# Looking for IR controlled A/B Speaker Switch



## ZeosPantera (Sep 12, 2009)

Looking to take the L/R out of a new denon AVR-591 and use it to amplify a pair of ceiling speakers in the kitchen. (Can see the tv from kitchen)

Had an old Denon AVR-589 with built in A and B speakers which made this task simple, but the newer piece is baron. 

So I just need to find a standalone A/B speaker selector switch that uses IR. Then I could just program a quick macro into a universal remote to switch it the speakers over and the 591 to stereo.


----------



## lsiberian (Mar 24, 2009)

http://www.hometech.com/infrared/switches.html

Xantech has many options for one.


----------



## ZeosPantera (Sep 12, 2009)

lsiberian said:


> http://www.hometech.com/infrared/switches.html
> 
> Xantech has many options for one.


In my quick googling I did come across the Xantech SR21 but ignored it because of the over $100 price and because it states "Requires RC68 Programmer IR codes for operation" which leads to hex code here http://www.remotecentral.com/cgi-bin/codes/xantech/rc68_programmer_id00/ and frankly I wouldn't know what to do with it.

I have to believe a non structured cabling type unit exists with a simple IR remote I can learn in mine. I hate to say this, almost something you could find at walmart.

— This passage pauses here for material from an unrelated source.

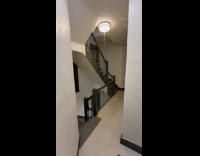 Rain pours from roof ceiling inside apartment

I am sure it would be simple enough to build one, but I have very little prowess when it comes to circuitry.


----------



## ZeosPantera (Sep 12, 2009)

OK. I am assuming that this search isn't going to end well so I went to PC-Richards and there was an onkyo on sale for380.. the HT-RC160. Over the denon591 it has 7.1 instead of 5.1... 5-HDMI instead of 4 80Watts per channel vs 75 and a powered zone2 so my issues are solved for now.


If you come across this thread in the future and can still point out an A/B IR speaker switch please feel free to bump.


----------